ANIONIC, 4-COORDINATE, 10-ELECTRON BISMUTH COMPLEXES - ASPECTS OF SYNTHESIS, STRUCTURE AND BONDING

The reaction between [BiCl{Fe(CO)2(eta-C5H5)}2] 1 and 1 equivalent of [N(PPh3)2]Cl afforded the ionic complex [N(PPh3)2][BiCl2{Fe(CO)2(eta-C5H5)}2] 2. The [NMe4]+ salt, [NMe4][BiCl2{Fe(CO)2(eta-C5H5)}2] 3, was prepared similarly. An analogous bromide derivative, [PPh4][BiBr2{Fe(CO)2(eta-C5H5)}2] 4, was prepared from the reaction between [BiBr{Fe(CO)2(eta-C5H5)}2] 5 and [PPh4]Br. The reaction between [BiCl{Mo(CO)3(eta-C5H5)}2] 7 and 1 equivalent of [N(PPh3)2]Cl afforded the complex [N(PPh3)2][BiCl2(Mo(CO)3(eta-C5H5)}2] 8, that between [PPh3(CH2Ph)]Cl and 7 afforded [PPh3(CH2Ph)] [BiCl2(Mo(CO)3(eta-C5H5)}2] 9. In tetrahydrofuran (thf) solution some degree of dissociation of [Mo(CO)3(eta-C5H5)]- is observed for 8 and 9. The bromide complexes [PPh4][BiBr2{Mo(CO)3(eta-C5H5)}2] 10 and [NBun4][BiBr2{Mo(CO)3(eta-C5H5)}2] 11 were prepared from the reactions between [BiBr{Mo(CO)3(eta-C5H5)}2] 12 and 1 equivalent of [PPh4]Br and [NBun4]Br respectively.

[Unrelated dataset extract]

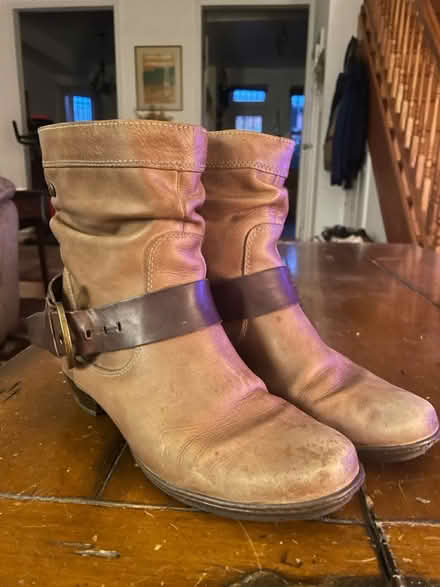 Photo of free Women’s Boots (Columbia Heights) #4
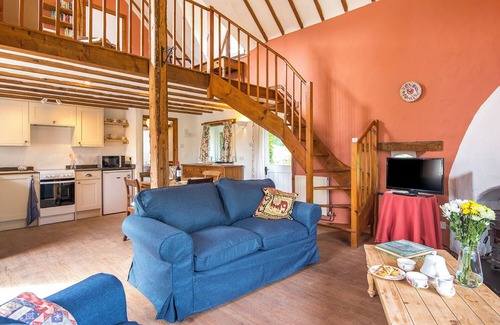 Clynderwen Cabaña | Y Beudy, Holiday Cottage Near Preseli Hills, Sleeps 4, 2 bedrooms, bathrooms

The tungsten complexes [N(PPh3)2][BiCl2{W(CO)3(eta-C5H5)}2] 13 and [PPh3(CH2Ph)][BiCl2{W(CO)3(eta-C5H5)}2] 14 were similarly prepared. Spectroscopic data for the complexes [N(PPh3)2][BiCl3(Mo(CO)3(eta-C5H5)}] 16 and [N(PPh3)2][BiCl3{W(CO)3(eta-C5H5)}] 17 are also presented. The structures of compounds 2,8,9 (as a thf solvate) and 13 were determined by X-ray crystallography. The structures of all of the compounds comprise a four-co-ordinate bismuth centre bonded to two chlorine atoms and two ML(n) fragments. The precise co-ordination geometries, however, vary from close to an idealised equatorially-vacant trigonal bipyramid (disphenoidal), 2 and 9, with axial chlorines and equatorial metal centres, to nearly tetrahedral, 8 and 13. These results are incorporated into a general discussion of the structures found for AB4E complexes, i.e. four-co-ordinate with ten valence electrons, and some ideas are advanced on possible electronic factors which determine the particular geometry adopted.